Dealing With Current Debt

Millions of South Africans are caught in a debt trap, as they devote a large part of their wages each month to paying off their loans. However, most people are simply paying off the interest rather than the loan itself. In order to escape this vicious cycle, it’s important to for individuals to deal with their existing debt. This can be done by contacting the creditor to come up with a more manageable repayment plan. However, take note that this option doesn’t always equate to success, which is why it’s important to fully understand the limitations of credit counseling companies and weigh all the pros and cons.

Another viable option for individuals dealing with debt is be to file for bankruptcy. However, filing for bankruptcy via the High Court can be a very tedious process. As such, it’s recommended that individuals considering this option hire a bankruptcy attorney, who can provide credit counselling as well as providing guidance throughout the entire process.

Staying Debt-Free

Apart from dealing with existing debt, it’s important to assess spending habits and see which aspects caused the debt in the first place. In order to stay debt-free in the future, individuals are advised to adopt cost-cutting measures. Following the 50/20/30 budget rule can help. This means spending 50% of your income on essential expenses such as rent, car payments, water, electricity, healthcare and insurance. 20% should go into savings or emergency funds, or pay off any existing debt. The remaining 30% can be spent on non-essentials such as shopping expenses, internet, entertainment subscriptions and holiday expenses. Monitoring budget and expenses every month is a valuable asset, so all spending should be listed throughout the process.
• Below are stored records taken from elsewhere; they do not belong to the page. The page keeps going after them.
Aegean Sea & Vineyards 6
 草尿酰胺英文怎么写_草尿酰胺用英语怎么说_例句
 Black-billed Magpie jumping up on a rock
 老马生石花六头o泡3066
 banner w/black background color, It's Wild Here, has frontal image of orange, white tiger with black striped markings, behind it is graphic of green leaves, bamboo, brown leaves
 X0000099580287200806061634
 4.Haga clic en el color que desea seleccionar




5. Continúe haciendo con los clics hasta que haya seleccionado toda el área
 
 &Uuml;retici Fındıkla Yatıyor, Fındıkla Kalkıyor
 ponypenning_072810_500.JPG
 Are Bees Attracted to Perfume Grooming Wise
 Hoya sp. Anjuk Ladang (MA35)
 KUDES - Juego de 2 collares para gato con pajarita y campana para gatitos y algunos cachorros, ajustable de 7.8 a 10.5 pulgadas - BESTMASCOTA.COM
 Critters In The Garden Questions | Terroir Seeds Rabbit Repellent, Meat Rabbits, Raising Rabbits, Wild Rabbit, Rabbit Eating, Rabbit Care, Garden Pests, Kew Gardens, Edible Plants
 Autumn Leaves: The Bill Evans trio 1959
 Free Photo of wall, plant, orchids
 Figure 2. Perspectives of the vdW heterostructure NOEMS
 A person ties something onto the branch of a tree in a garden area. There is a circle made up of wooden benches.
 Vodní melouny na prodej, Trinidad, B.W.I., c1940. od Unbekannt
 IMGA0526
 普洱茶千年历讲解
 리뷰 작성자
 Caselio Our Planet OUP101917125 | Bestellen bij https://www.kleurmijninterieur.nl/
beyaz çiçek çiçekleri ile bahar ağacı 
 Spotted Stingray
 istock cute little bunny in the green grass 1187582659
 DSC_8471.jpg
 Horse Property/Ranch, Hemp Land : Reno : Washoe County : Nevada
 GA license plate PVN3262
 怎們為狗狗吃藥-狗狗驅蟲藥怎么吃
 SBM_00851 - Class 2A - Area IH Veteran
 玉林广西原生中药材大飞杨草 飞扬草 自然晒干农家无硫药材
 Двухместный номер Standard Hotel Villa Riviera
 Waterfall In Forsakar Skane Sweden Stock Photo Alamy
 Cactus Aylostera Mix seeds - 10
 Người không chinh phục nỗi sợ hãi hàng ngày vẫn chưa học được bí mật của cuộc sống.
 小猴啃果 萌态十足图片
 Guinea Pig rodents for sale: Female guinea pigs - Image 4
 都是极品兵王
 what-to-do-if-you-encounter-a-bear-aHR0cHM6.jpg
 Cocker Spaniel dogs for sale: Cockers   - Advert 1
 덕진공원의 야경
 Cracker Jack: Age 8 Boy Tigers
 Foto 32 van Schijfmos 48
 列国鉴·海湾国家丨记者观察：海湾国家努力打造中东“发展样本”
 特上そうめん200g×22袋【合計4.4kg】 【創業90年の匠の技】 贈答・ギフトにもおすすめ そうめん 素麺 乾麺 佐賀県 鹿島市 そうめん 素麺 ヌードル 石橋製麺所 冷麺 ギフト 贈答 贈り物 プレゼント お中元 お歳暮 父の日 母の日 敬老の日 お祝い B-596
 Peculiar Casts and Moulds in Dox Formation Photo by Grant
South Africa’s economic performance is taking a toll on its citizens. Millions of South Africans have fallen into a debt trap because they are spending more than they earn. Additionally, people end up only paying off the high interest rates instead of the loan. While household debt can be very stressful, it should be dealt with as soon as possible. There are several viable options, such as enlisting a debt management company or filing for bankruptcy. Apart from that, employing cost-cutting measures to prevent further debt is essential. Even with the uncertainties of South Africa’s economy, it’s possible to secure a better future when household debt is under control.